Assignment:
Below are some records. Retype exactly the lines from the one containing "Produktbild 9 - Minfot" through the one containing "Válaszd a Mobilhálózatok lehetőséget.", both included, skipping every picture.

Records supplied:
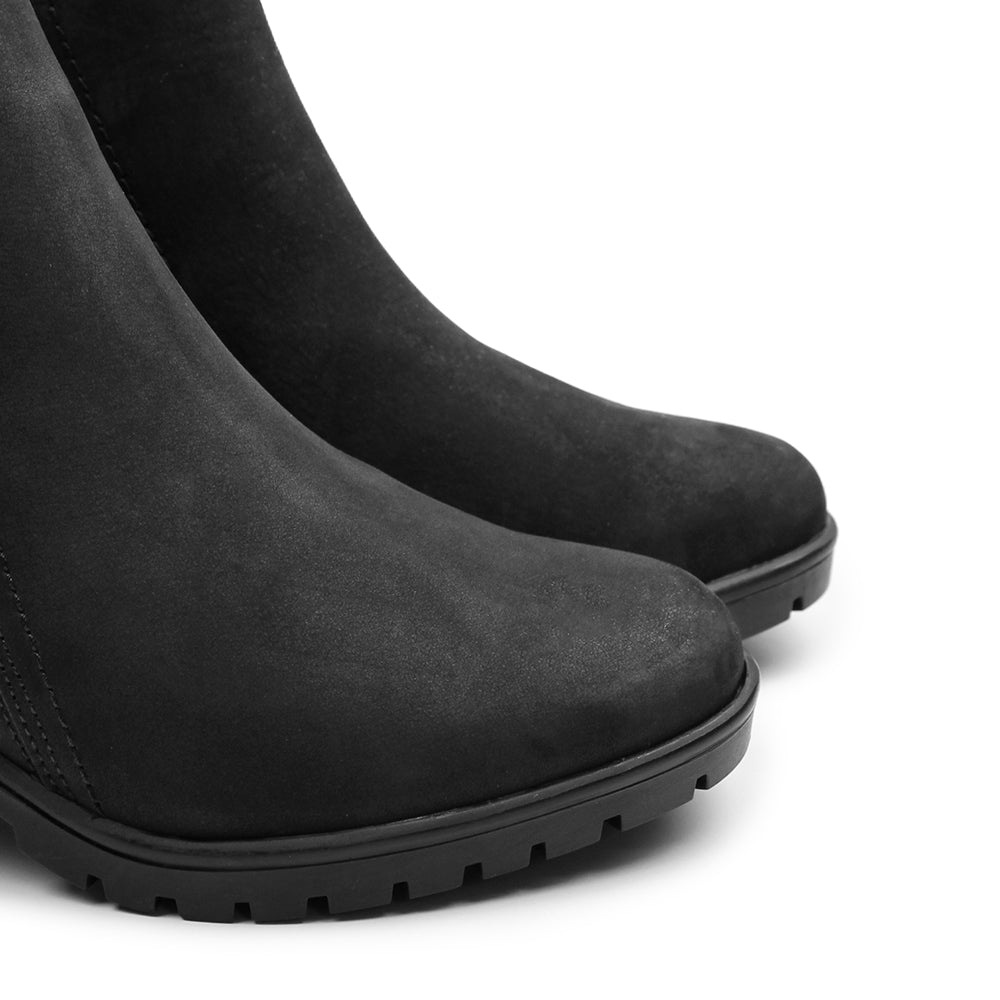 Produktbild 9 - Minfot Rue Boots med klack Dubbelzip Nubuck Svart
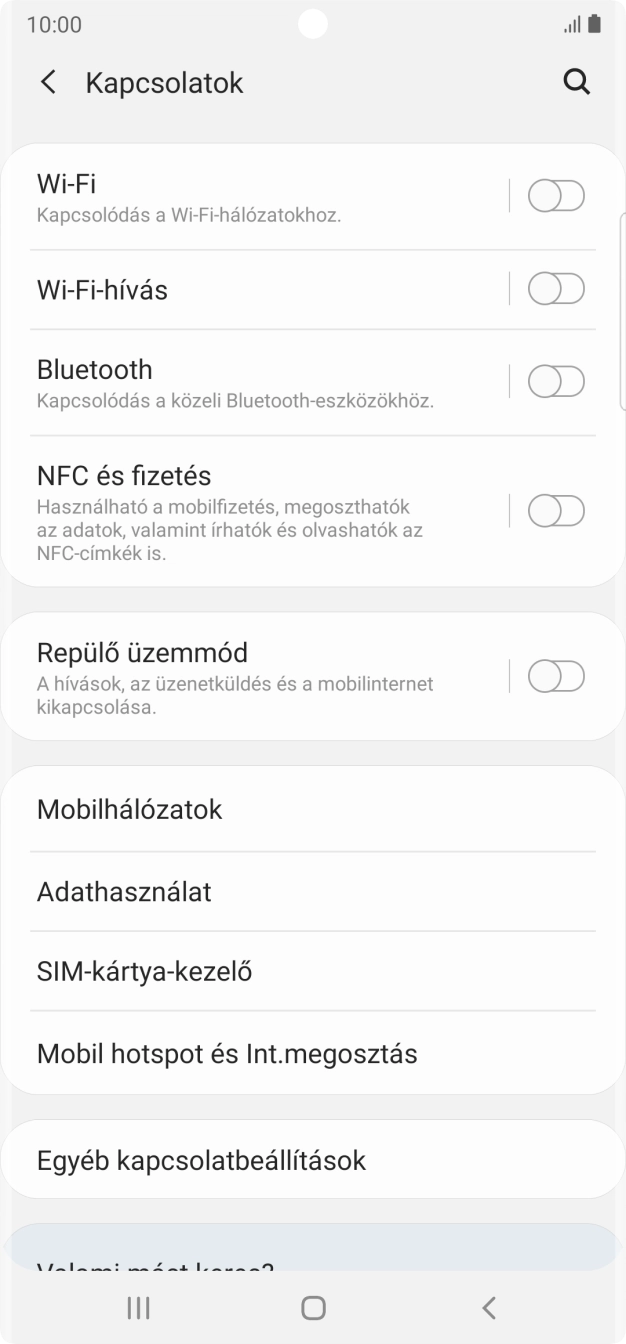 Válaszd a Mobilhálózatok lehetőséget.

* * *

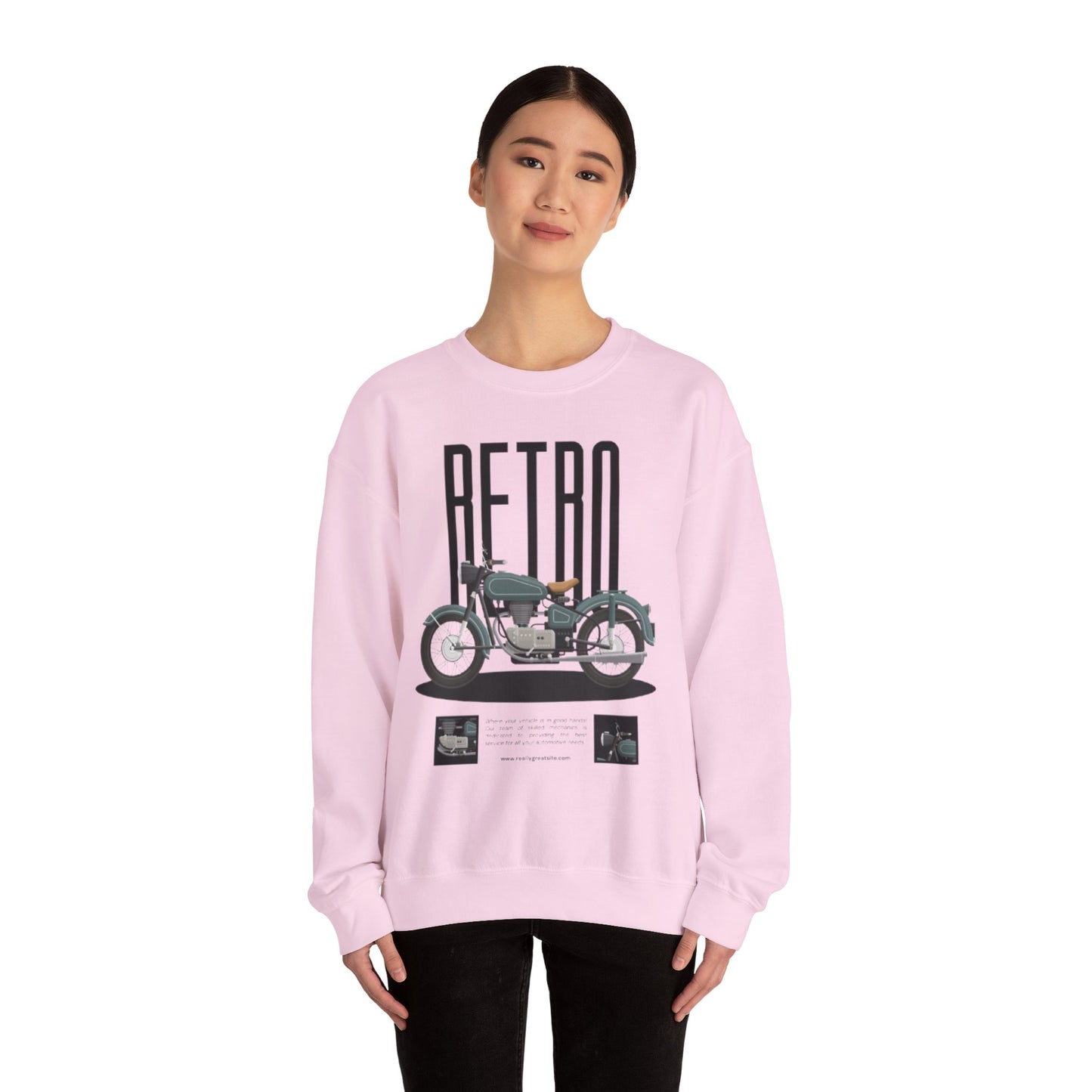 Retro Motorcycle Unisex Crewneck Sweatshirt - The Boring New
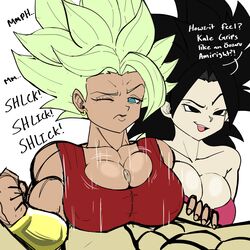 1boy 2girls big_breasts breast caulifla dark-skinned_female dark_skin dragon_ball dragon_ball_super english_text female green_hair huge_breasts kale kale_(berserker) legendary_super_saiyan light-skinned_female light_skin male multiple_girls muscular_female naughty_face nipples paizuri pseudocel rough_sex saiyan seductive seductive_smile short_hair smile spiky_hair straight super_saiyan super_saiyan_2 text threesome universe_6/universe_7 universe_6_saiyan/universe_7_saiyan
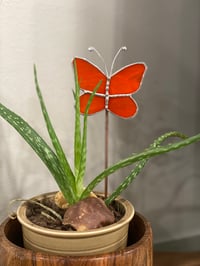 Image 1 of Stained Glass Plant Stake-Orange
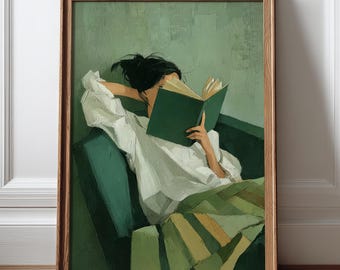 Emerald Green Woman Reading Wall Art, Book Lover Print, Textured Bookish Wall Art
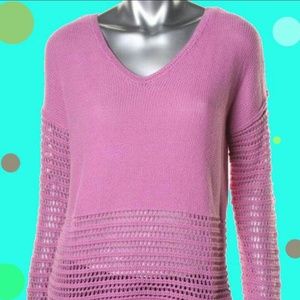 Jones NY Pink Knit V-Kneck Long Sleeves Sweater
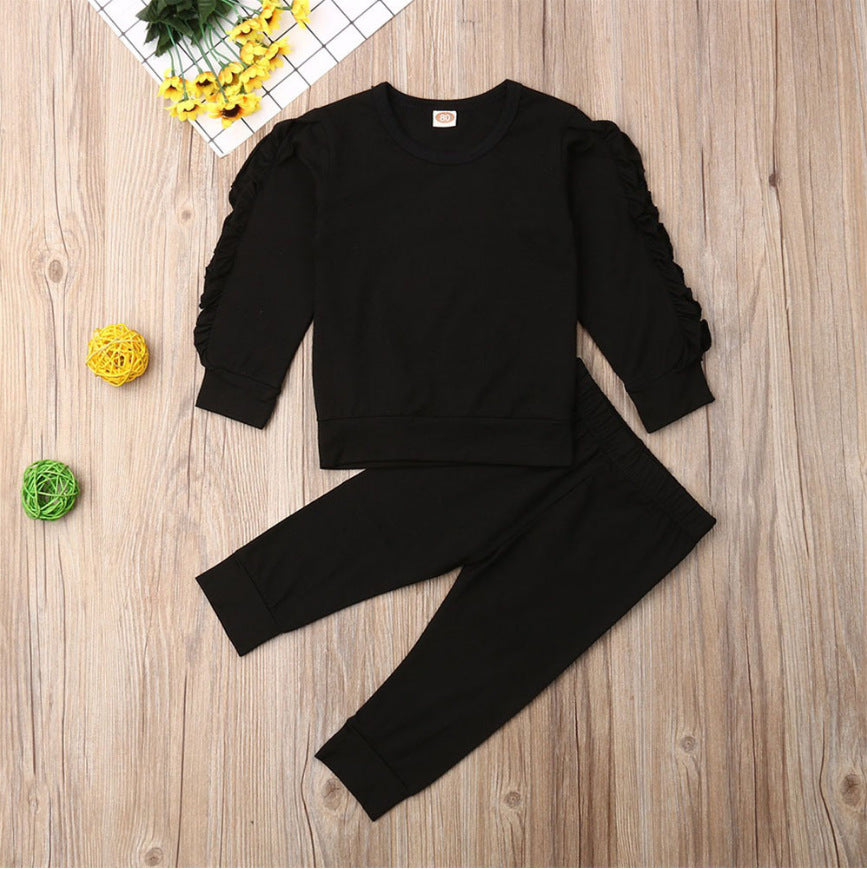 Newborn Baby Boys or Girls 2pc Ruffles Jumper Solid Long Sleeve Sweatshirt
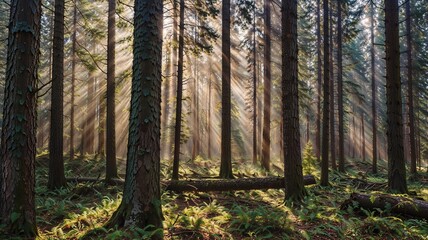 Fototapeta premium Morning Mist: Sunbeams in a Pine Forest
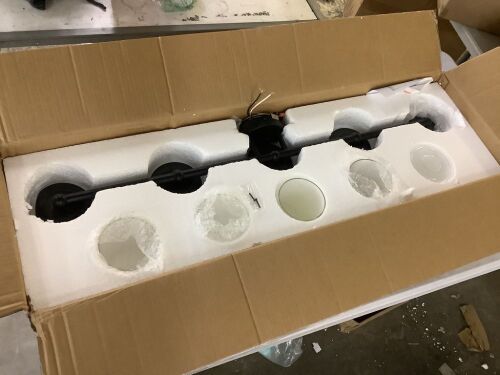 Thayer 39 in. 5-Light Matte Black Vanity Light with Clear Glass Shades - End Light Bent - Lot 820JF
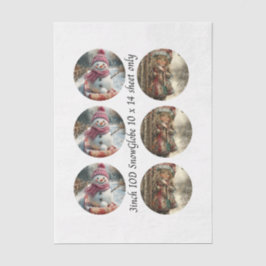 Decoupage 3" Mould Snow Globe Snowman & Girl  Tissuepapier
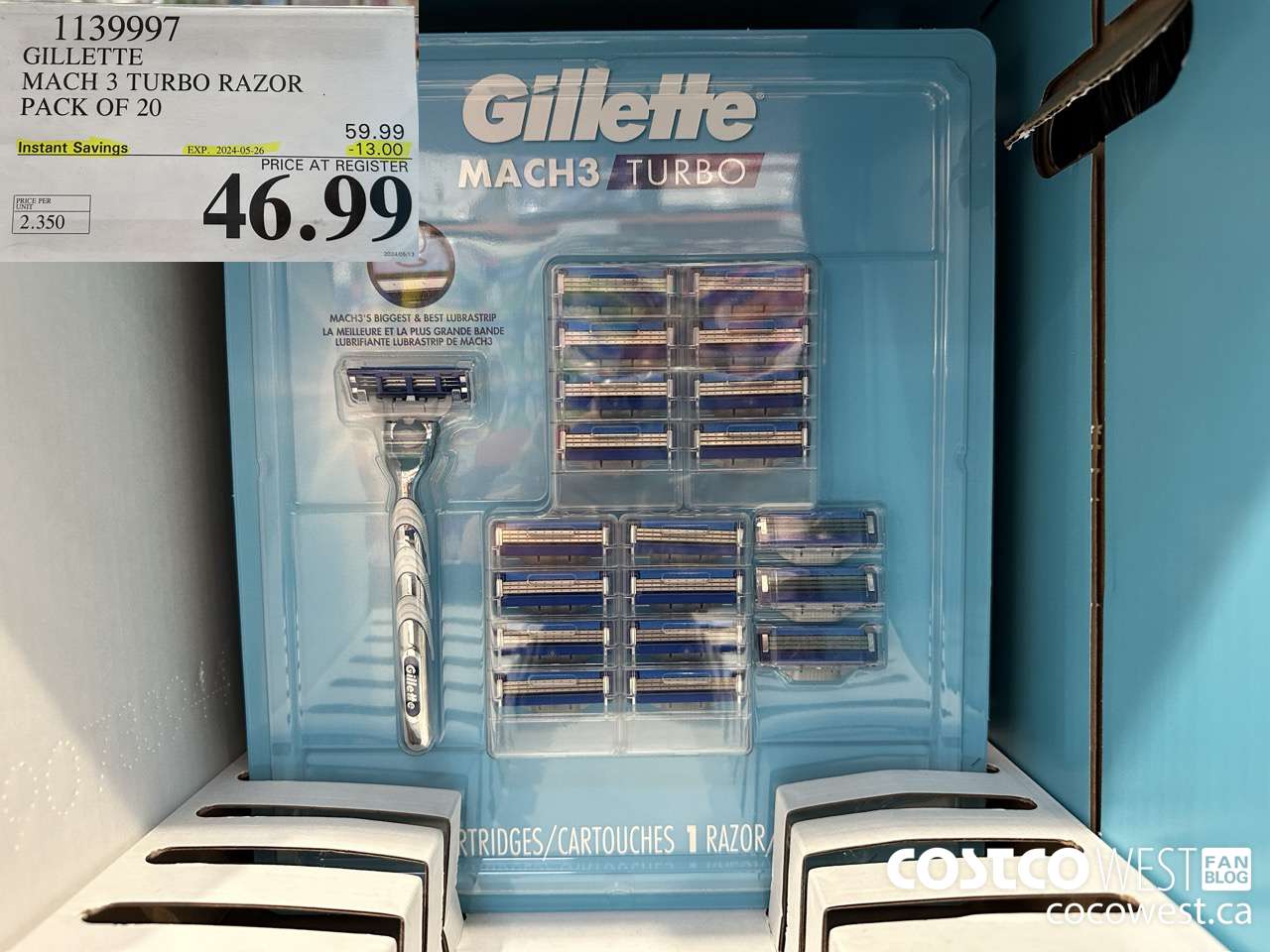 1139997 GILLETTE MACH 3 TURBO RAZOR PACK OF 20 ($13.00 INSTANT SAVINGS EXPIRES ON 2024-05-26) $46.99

Task result:
 Produktbild 9 - Minfot Rue Boots med klack Dubbelzip Nubuck Svart
 Válaszd a Mobilhálózatok lehetőséget.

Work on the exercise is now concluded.